Your test seems to indicate that you have some buried anger," said the counselor to his client. "Do you think this could be true?" he asked.

"Me! Angry? Certainly not," replied the client. "I'll punch you in the nose for
saying that!"

When it comes to anger we all have a tiger of sorts within. At times it provides great courage and motivation. It causes some of us to lash out and hurt others. At other times we are so afraid it will get out of control we bury it so that nobody, including ourselves, will ever know it exists.

Many of us were taught that anger is bad and to show it is immature. The mature person, however, doesn't deny his anger. He has learned to express it in appropriate ways.

Even though some people never show their anger, everybody gets angry sometimes. Anger is a God-given emotion. Of itself it is neither good nor bad, right nor wrong. It's what we do with it and how we handle it that counts.
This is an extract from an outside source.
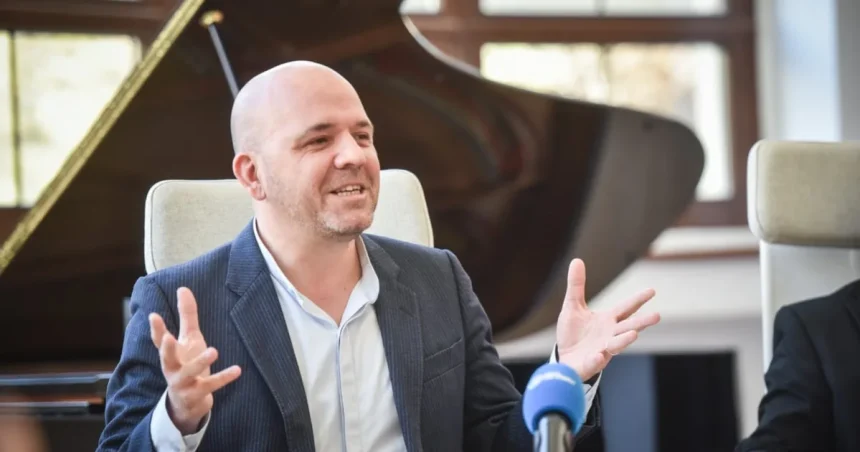 Violoncelistul Lupeș dă în judecată Filarmonica Sibiu și cere suspendarea suspendării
In fact, there are many things we ought to be angry about, such as social
injustice, child abuse, greed, and even legalistic religion that makes rules
more important than people and keeps people in needless bondage.

Jesus was very angry with the religious people of his day for this very reason. When he healed a man on the Sabbath, the Pharisees were so furious they plotted to kill him. To them, religious observances were more important than the needs of people. We read that Jesus "looked around at them in anger...distressed at their stubborn hearts." - Mark 3:5 (NIV).

Think too of Florence Nightingale. She was very angry about the terrible
conditions suffered by wounded soldiers in the Crimean War. She used her anger creatively to bring about major changes in nursing care. This is a creative and healthy use of anger.